Only the lines below starting at the one containing "Great room with" and ending at the one containing "Elrose, Founder of" belong in the answer, each copied exactly.

Saved entries:
»»

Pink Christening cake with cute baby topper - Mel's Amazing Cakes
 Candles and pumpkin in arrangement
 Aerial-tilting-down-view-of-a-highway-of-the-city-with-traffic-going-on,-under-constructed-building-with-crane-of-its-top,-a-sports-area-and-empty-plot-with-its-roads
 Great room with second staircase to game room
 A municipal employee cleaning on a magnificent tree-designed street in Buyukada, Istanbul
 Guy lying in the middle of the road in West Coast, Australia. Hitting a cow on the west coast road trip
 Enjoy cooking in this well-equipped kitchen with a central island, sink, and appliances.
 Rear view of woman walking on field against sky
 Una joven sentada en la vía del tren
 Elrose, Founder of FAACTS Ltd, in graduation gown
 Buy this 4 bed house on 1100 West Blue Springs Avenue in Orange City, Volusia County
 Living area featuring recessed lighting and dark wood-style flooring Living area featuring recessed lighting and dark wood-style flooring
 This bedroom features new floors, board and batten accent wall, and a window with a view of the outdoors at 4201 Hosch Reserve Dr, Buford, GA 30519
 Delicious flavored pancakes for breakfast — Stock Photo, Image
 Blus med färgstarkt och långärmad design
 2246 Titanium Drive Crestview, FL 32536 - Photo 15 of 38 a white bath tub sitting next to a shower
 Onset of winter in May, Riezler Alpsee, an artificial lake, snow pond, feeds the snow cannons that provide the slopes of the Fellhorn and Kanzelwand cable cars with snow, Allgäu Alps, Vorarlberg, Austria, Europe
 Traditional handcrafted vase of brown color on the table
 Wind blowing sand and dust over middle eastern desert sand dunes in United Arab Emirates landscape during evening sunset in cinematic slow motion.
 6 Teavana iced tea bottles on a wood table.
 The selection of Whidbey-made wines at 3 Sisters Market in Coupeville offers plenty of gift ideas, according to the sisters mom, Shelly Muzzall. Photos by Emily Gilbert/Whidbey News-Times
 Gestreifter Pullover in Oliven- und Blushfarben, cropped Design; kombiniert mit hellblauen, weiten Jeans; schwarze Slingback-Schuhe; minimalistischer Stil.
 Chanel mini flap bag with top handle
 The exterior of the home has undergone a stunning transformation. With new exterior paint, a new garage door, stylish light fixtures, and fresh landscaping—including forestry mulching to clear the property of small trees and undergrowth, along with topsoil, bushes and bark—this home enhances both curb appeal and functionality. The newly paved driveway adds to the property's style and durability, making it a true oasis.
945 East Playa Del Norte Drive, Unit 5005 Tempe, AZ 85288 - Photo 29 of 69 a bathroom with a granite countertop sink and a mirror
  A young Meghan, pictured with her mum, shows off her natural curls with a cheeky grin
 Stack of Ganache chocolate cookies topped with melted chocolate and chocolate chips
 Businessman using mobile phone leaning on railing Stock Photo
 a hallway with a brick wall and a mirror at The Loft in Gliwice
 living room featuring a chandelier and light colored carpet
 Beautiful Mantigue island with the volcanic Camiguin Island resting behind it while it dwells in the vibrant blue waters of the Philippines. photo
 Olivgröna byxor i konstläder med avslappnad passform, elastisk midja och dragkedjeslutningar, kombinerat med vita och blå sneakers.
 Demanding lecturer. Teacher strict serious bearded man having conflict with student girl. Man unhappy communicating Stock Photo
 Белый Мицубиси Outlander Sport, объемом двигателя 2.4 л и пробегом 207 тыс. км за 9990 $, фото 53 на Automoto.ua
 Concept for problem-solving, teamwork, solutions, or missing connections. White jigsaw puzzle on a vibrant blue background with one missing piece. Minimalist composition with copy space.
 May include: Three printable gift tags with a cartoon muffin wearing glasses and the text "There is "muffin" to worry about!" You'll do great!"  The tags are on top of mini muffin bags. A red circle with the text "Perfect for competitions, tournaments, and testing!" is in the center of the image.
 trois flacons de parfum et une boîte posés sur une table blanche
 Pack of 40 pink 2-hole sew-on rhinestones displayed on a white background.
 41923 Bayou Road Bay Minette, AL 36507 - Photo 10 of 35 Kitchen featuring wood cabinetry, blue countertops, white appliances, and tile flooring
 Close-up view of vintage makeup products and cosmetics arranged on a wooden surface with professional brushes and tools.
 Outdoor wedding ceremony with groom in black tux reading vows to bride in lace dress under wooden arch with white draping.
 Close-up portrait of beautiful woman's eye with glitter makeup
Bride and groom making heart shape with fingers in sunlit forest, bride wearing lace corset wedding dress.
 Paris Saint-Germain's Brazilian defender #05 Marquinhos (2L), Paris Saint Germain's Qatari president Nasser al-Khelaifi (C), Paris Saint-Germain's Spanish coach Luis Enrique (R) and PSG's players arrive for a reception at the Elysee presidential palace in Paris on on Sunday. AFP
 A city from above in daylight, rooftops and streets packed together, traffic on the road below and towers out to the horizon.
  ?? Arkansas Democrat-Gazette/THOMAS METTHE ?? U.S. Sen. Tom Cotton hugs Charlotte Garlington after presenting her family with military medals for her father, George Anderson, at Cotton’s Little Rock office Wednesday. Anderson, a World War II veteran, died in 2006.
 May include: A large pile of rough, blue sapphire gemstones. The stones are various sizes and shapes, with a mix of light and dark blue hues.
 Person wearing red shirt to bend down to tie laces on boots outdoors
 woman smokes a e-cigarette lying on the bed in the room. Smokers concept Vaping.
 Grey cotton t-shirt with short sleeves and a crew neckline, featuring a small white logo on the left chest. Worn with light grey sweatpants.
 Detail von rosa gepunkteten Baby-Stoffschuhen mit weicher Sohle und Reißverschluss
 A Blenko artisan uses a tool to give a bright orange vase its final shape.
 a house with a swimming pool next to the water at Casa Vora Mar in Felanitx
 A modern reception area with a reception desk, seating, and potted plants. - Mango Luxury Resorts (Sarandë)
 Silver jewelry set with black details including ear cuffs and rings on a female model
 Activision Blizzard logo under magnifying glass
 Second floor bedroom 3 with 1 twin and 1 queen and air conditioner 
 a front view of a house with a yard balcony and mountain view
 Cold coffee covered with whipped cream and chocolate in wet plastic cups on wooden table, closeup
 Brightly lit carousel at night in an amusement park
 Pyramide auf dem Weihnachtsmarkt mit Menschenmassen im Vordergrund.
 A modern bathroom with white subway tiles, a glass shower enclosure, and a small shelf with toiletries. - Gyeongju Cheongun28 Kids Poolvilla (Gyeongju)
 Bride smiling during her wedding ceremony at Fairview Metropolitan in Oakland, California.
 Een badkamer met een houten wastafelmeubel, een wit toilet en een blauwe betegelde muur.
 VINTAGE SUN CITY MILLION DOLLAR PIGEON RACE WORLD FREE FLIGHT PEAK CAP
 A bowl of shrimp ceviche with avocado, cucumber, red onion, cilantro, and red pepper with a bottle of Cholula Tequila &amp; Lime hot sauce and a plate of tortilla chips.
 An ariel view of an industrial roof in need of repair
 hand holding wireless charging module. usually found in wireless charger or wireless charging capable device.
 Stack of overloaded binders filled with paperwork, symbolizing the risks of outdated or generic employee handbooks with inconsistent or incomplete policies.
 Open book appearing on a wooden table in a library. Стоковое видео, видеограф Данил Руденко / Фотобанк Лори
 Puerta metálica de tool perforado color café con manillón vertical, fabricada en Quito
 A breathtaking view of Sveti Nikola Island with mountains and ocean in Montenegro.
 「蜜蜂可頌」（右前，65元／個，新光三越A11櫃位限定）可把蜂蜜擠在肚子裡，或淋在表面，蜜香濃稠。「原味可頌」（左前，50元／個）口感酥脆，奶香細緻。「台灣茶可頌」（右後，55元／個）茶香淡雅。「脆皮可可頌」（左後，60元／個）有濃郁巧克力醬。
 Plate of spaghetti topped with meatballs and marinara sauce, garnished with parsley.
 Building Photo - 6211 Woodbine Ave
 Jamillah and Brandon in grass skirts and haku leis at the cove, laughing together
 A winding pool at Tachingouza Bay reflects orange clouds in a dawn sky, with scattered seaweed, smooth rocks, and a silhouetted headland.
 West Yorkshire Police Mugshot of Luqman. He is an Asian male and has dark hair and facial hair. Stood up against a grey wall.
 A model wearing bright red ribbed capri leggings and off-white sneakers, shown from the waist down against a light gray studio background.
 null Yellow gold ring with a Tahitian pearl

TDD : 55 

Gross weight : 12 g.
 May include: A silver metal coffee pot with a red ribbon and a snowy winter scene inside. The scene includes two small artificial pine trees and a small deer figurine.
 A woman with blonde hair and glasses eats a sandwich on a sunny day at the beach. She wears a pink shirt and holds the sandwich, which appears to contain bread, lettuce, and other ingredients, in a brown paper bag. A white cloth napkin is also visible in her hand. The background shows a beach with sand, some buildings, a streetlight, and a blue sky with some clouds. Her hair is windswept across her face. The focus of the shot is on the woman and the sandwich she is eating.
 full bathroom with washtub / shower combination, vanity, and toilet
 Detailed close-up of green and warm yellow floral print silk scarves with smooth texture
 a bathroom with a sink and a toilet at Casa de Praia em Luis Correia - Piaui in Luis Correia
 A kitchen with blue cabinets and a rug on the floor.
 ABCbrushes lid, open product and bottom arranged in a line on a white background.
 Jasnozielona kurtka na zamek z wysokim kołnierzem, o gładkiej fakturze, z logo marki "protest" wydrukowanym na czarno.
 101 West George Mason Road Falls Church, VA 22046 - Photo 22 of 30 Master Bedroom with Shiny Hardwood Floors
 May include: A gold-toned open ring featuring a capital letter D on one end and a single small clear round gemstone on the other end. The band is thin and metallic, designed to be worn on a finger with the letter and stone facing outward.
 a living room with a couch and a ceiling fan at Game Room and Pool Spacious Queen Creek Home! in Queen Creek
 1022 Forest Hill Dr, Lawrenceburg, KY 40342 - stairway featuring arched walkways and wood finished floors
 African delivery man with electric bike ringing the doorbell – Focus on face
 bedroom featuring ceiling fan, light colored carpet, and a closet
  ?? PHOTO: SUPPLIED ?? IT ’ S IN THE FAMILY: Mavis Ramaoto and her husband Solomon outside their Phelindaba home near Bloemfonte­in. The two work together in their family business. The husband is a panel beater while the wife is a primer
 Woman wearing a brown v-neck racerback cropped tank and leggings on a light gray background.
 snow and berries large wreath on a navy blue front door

««

**Solved problem:**
 Great room with second staircase to game room
 A municipal employee cleaning on a magnificent tree-designed street in Buyukada, Istanbul
 Guy lying in the middle of the road in West Coast, Australia. Hitting a cow on the west coast road trip
 Enjoy cooking in this well-equipped kitchen with a central island, sink, and appliances.
 Rear view of woman walking on field against sky
 Una joven sentada en la vía del tren
 Elrose, Founder of FAACTS Ltd, in graduation gown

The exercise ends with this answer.